In the broad spectrum of artificial intelligence systems, neural networks stand out as models with significant predictive capabilities. However, they simultaneously exhibit a low degree of interpretability. Their use in decision support processes has prompted researchers and policymakers worldwide to introduce regulations aimed at ensuring transparency and adherence to ethical principles in the design of these systems: this has led to the development of various approaches aimed at understanding their functioning.

This work focuses on constructing a platform that leverages the potential offered by abductive reasoning to identify the salient neurons of a neural network. The goal is to identify those neurons that activate significantly during the execution of specific tasks to better understand the features detected by the neural network and identify any anomalies in learning. Additionally, identifying crucial neurons can enable model optimization, while pinpointing less influential ones can allow for the simplification of its structure.

Building upon previous research by Alexey Ignatiev and his team, this work extends the approach proposed in the paper "Abduction-Based Explanations for Machine Learning Models", a technique that, through mixed-integer linear programming (MILP), obtains a coding of the neural model within a set of decision problem constraints. A solver (oracle), capable of responding to entailment queries, provides minimal explanations for the predictions made by the target model.
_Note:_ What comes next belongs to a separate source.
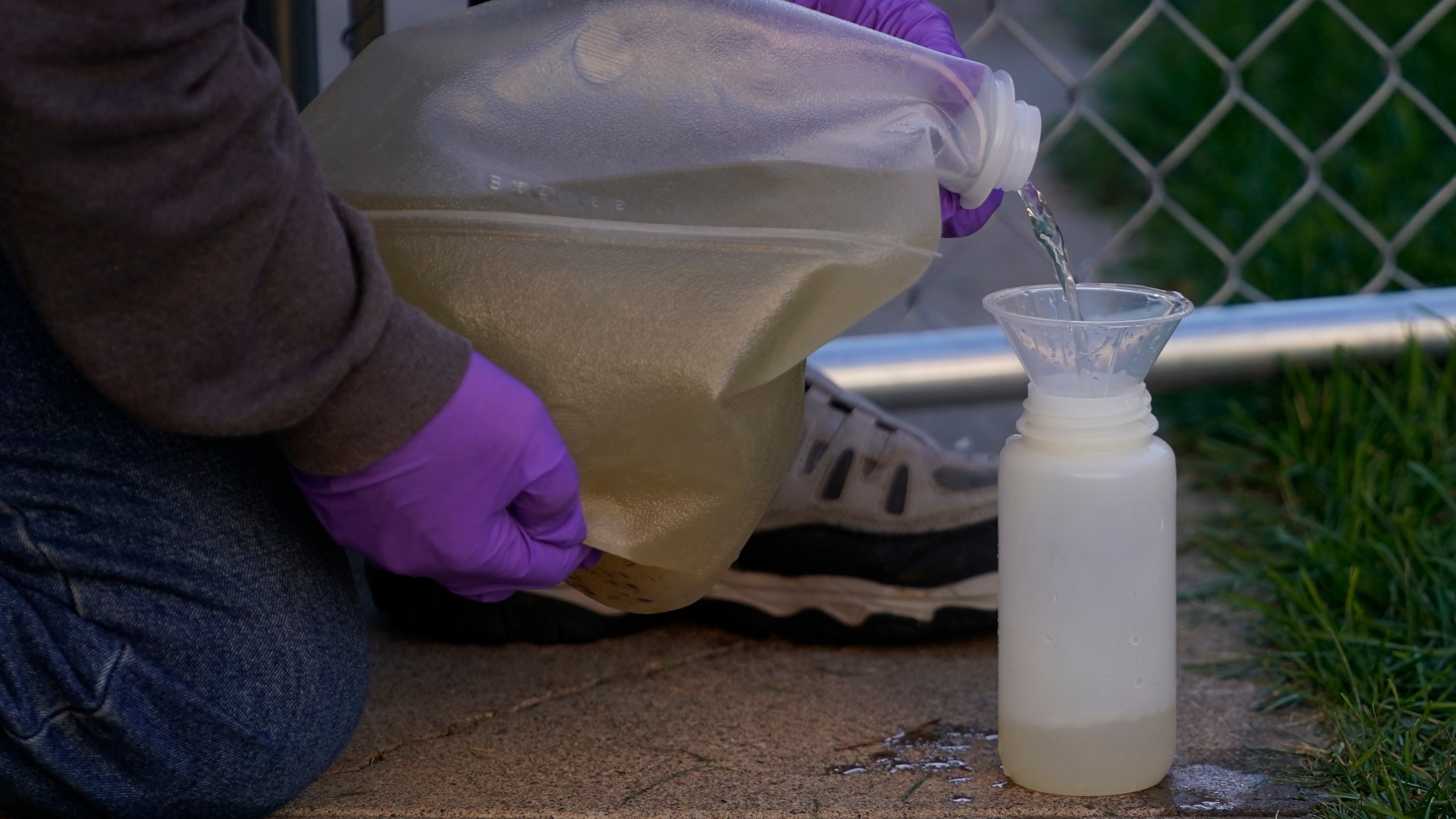 FILE - A professor collects sewage samples from a dorm at Utah State University Wednesday, Sept. 2, 2020, in Logan, Utah., to monitor wastewater in hopes of stopping coronavirus outbreaks before they get out of hand. According to a report by the U.S. Centers for Disease Control and Prevention released Thursday, Jan. 18, 2024, wastewater testing does a good job at detecting mpox infections, bolstering a push to use sewage to track more and more diseases. (AP Photo/Rick Bowmer, File)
Specifically, this study involves the analysis of convolutional models for image classification, whose complexity overcomes that of the models in the original work, rather simplified, single-layer feedforward networks with a modest number of nodes.
The results highlight the applicability of abductive reasoning for identifying salient neurons and demonstrate how the proposed approach offers new perspectives for understanding complex models and improving their interpretability.